Поезд шёл, останавливался, снова шёл. Сквозь сон Эркин чувствовал эти остановки, слышал чьи-то шаги и голос проводника:
– Ну, куда я вас… и так под завязку… лезьте на третью и чтоб без звука… а литер твой где?.. Давай, давай по-тихому, проспись сначала… всё-всё, чтоб я тебя не видел и не слышал, летун… Не видишь, что ли… давай сюда, дочка, здесь поспокойнее…
Слышал, но не просыпался, смутно ощущая, что его это не касается, что ни Жене с Алисой, ни ему это никак не угрожает. А на одной из остановок его почти разбудил какой-то странный шорох, будто кто-то скребётся о стенку вагона. Он даже приоткрыл глаза и приподнял голову, но в вагоне было темно, а шумный храп и чьи-то голоса сразу заглушили этот шорох. Эркин уронил голову на подушку и опять заснул.
Первой проснулась и забарахталась, пытаясь добраться до окна, Алиса. И разбудила Женю.
– Тише, Алиса, – Женя села, протирая глаза. – Перебудишь всех.
– Ну, мам, уже утро, – возразила Алиса и ойкнула: – Ой, мама! Что это?!

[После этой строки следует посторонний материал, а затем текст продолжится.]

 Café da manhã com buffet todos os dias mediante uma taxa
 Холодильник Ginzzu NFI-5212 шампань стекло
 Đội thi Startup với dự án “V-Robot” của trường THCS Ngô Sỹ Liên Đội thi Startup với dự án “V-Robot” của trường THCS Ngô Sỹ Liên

Вагон заливал мягкий и очень… светлый свет, не солнечный, а какой-то… белый. Женя повернулась к окну. И увидела белую равнину до горизонта. И белое небо. Снег? Да, ну конечно, это же снег.
– Это снег, Алиса.
– Так много? – удивилась Алиса. – А почему он не тает?
– Потому что зима, – ответила Женя.
Она посмотрела на часы и ахнула. Господи, уже десятый час, уже день. Надо привести себя и Алиску в порядок. А Эркин? Женя встала и посмотрела на верхнюю полку. Эркин лежал на спине, закинув руки за голову, и спал. Женя сразу отвела глаза, зная, как легко будит его её взгляд. Спал и Владимир, лёжа на своей полке, и ещё кто-то на второй верхней.

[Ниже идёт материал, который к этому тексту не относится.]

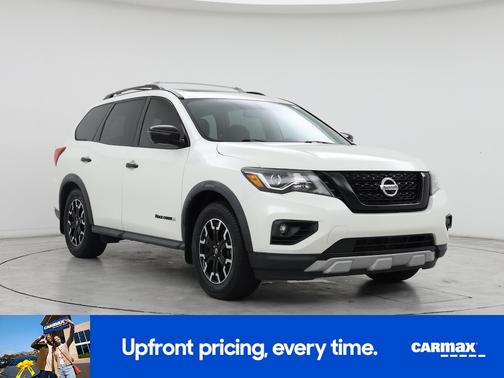 2020 Nissan Pathfinder SL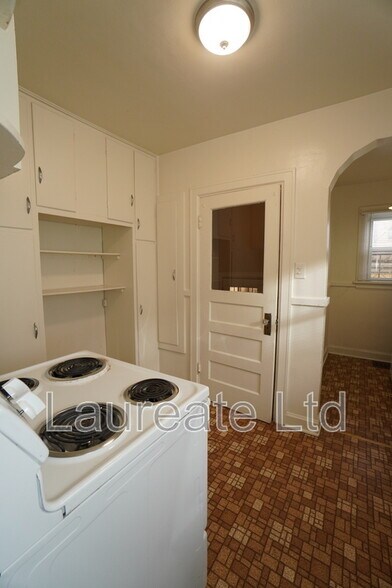 Building Photo - 1416 Elm St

Алиса сидела и смотрела в окно, а Женя, стараясь не шуметь, сложила одеяло, закатала его вместе с подушкой в тюфяк и поставила получившийся рулон в угол за спиной Алисы.
– Мам, я лучше сяду на него. А то плохо видно.

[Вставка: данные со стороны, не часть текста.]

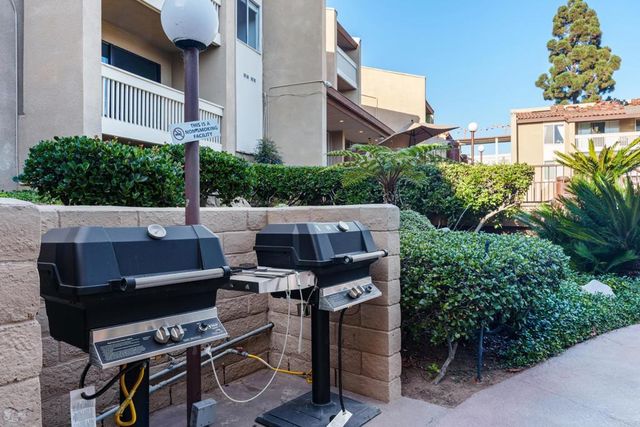 1801 Diamond Street 3-205, San Diego, CA 92109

– Хорошо, – согласилась Женя. – Но сначала умоемся.
Она взяла полотенце, подождала, пока Алиса обуется, и повела её в уборную.
Вагон спал. Храп, вздохи, сонное бормотание, свисающие с верхних полок угол одеяла или пола шинели… а уже возле двери в тамбур с уборной им встретился проводник.
– Доброе утро, – улыбнулась Женя.
– И вам доброе, – ответно улыбнулся он, встопорщив серо-жёлтые от седины и табака усы. – Чай будете брать?
– Да, спасибо, – кивнула Женя.
– Придёте тогда ко мне. Но кружки свои берите, стаканов нет.
– Хорошо, – согласилась Женя.
В уборной было чисто и совсем не чувствовался запах спиртного. Женя умыла Алису, привела её в порядок и, велев ждать её снаружи и никуда не уходить, занялась собой.
Эркин потянулся во сне и, повернувшись набок, едва не упал. Он открыл глаза и сразу зажмурился: таким белым был заливавший всё свет. Что это? Кафель?! Опять… он даже застонал от этой мысли.
– Что? – насмешливо сказали по-русски. – Голова болит после вчерашнего?
Русская речь успокоила Эркина, и он снова открыл глаза.
Да, это вагон, вон спит Владимир, а кто ж ему сказал?